In a New Yorkers Against Fracking agitprop poster, the Statue of Liberty furiously topples natural gas drilling towers with her torch as energy company 18-wheelers flee in horror.
These warnings might be believable if fracking regulators seemed even slightly worried. Instead, federal and state environmental officials appear positively serene about hydraulic fracturing, a decades-old technology that uses sand and chemically treated water to shatter shale deposits far below the water table and liberate natural gas from the ruptured rocks.
-- "In no case have we made a definitive determination that the fracking process has caused chemicals to enter groundwater," Environmental Protection Agency administrator Lisa Jackson said last April. In May 2011, she testified on Capitol Hill: "I'm not aware of any proven case where the fracking process itself has affected water."
The EPA tested drinking water in Dimock, Pa., which ecologists claim fracking has tainted. "EPA has determined that there are not levels of contaminants present that would require additional action by the agency," it concluded last July.
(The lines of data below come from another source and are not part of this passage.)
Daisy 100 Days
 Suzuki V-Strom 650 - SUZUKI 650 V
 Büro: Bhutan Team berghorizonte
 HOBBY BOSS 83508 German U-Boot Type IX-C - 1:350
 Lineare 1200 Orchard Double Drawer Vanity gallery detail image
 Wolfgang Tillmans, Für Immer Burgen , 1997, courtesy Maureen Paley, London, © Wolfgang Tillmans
-- "A study that examined the water quality of 127 shallow domestic wells in the Fayetteville Shale natural gas production area of Arkansas found no groundwater contamination associated with gas production," the U.S. Geological Survey announced Wednesday. -- "Significant adverse impacts on human health are not expected from routine HVHF," or high-volume hydraulic fracturing, according to a February 2012 preliminary report from New York's Department of Environmental Conservation. New York Democratic Gov. Andrew Cuomo has pondered this issue since 2010 and promises further contemplation, including another draft of what DEC now calls an "outdated summary."
Marcia McNutt elaborated: "This new study is important in terms of finding no significant effects on groundwater quality from shale gas development within the area of sampling."